After Kennedy, Ivy attended college in New Jersey and then Massachusetts. “She received her Bachelor of Arts degree from Ramapo College of New Jersey and Master of Education degree with a Management major from Cambridge College, Cambridge, MA,” according to her campaign site.
A large number of individuals have come forward with hopes to succeed Jones in 2014. Aslon Goow, former 2nd Ward councilman; David Gilmore, an activist and a vocal critic of Jones’ administration; Rigo Rodriguez, councilman at-large; Lydia Robles, an activist; Maria Teresa Feliciano, vice president of the New Jersey Latino Leadership Alliance; Jose Torres, former 2-term mayor of the city; Linton Gaines, who served as an aide to Jones during his campaign; Theodore Best, county freeholder. Andre Sayegh, the 6th Ward councilman, is speculated to run next year, but has yet to announce his candidacy.
There have been consolidation plans by Blacks and Hispanics to reduce the number of candidates running in order to improve their chances of holding office. Leaders from the African-American community set down to see whether one candidate could be set forward to run for mayor rather than the current four, who will divide up the vote and squander chances for the African-American community to hold onto the mayor’s office. From the current list it appears an agreement was not reached.
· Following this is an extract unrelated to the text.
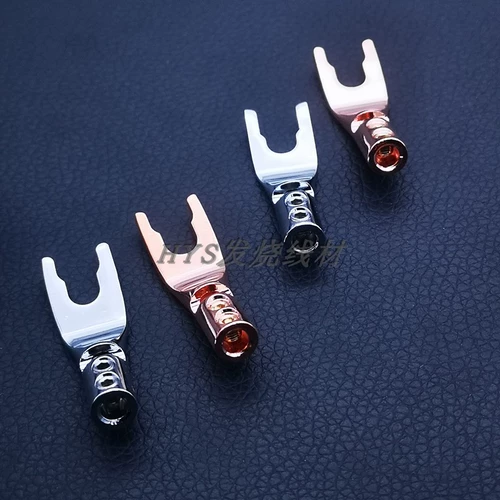 Hifi Copper/Rhodium Pember Discover Discoering Cable Cable-разъем Audio Amplifier Terminal Сварка без сварки U-образной Y-образной Y-образной платеж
Similarly, Dominicans met behind closed doors to determine a candidate who will represent their community come 2014, but that too failed to produce the desired results. Paterson Dominican Council, a political organization representing the Dominican community, went through a list of three candidates — Miguel Diaz, Feliciano, and Rodriguez – settling on Feliciano. Rodriguez called the process illegitimate and continued his campaign to win the office next year.
Both communities’ lack of unity has created a large field of candidates who will divide up the votes resulting in either Jones continuing or Torres recapturing his position at the City Hall. Goow has repeatedly called for run-off elections to ensure that neither Jones nor Torres “sneak back into office.”
With two other female candidates running Ivy hopes to become the first woman mayor of the city. “Currently she is looking forward to becoming Paterson’s first African American female Mayor, in May 2014,” according to her campaign site.